* Activity *
Starting with the first line and ending with the one that holds "Såssked, regular 9 - Gray Kunz", retype the entries exactly.

[Scraped caption text data]

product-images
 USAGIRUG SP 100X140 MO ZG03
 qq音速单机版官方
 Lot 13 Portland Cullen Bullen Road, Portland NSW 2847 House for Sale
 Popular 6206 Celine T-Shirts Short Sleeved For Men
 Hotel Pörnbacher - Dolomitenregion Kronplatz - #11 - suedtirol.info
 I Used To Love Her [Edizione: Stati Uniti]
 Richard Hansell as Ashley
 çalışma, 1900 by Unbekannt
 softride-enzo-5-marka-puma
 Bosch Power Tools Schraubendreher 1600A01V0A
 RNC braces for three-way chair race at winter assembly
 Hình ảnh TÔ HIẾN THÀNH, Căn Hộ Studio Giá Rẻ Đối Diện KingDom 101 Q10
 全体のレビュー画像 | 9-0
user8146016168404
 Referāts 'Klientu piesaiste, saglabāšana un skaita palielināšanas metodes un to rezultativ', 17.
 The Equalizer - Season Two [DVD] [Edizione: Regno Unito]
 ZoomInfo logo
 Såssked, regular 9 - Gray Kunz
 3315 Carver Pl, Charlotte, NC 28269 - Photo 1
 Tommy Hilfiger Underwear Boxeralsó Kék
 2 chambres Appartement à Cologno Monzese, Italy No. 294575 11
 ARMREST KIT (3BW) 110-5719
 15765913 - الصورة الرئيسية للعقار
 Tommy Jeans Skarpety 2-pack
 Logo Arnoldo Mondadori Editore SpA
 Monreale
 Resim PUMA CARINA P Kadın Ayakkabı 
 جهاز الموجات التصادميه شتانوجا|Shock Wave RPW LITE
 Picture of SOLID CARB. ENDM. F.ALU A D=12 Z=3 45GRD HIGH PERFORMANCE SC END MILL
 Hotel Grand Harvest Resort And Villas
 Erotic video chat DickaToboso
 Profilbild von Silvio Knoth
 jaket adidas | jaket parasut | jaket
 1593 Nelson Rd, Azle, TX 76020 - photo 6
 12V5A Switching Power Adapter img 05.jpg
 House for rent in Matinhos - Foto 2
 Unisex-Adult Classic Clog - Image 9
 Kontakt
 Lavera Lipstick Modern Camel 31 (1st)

* Solution *
product-images
 USAGIRUG SP 100X140 MO ZG03
 qq音速单机版官方
 Lot 13 Portland Cullen Bullen Road, Portland NSW 2847 House for Sale
 Popular 6206 Celine T-Shirts Short Sleeved For Men
 Hotel Pörnbacher - Dolomitenregion Kronplatz - #11 - suedtirol.info
 I Used To Love Her [Edizione: Stati Uniti]
 Richard Hansell as Ashley
 çalışma, 1900 by Unbekannt
 softride-enzo-5-marka-puma
 Bosch Power Tools Schraubendreher 1600A01V0A
 RNC braces for three-way chair race at winter assembly
 Hình ảnh TÔ HIẾN THÀNH, Căn Hộ Studio Giá Rẻ Đối Diện KingDom 101 Q10
 全体のレビュー画像 | 9-0
user8146016168404
 Referāts 'Klientu piesaiste, saglabāšana un skaita palielināšanas metodes un to rezultativ', 17.
 The Equalizer - Season Two [DVD] [Edizione: Regno Unito]
 ZoomInfo logo
 Såssked, regular 9 - Gray Kunz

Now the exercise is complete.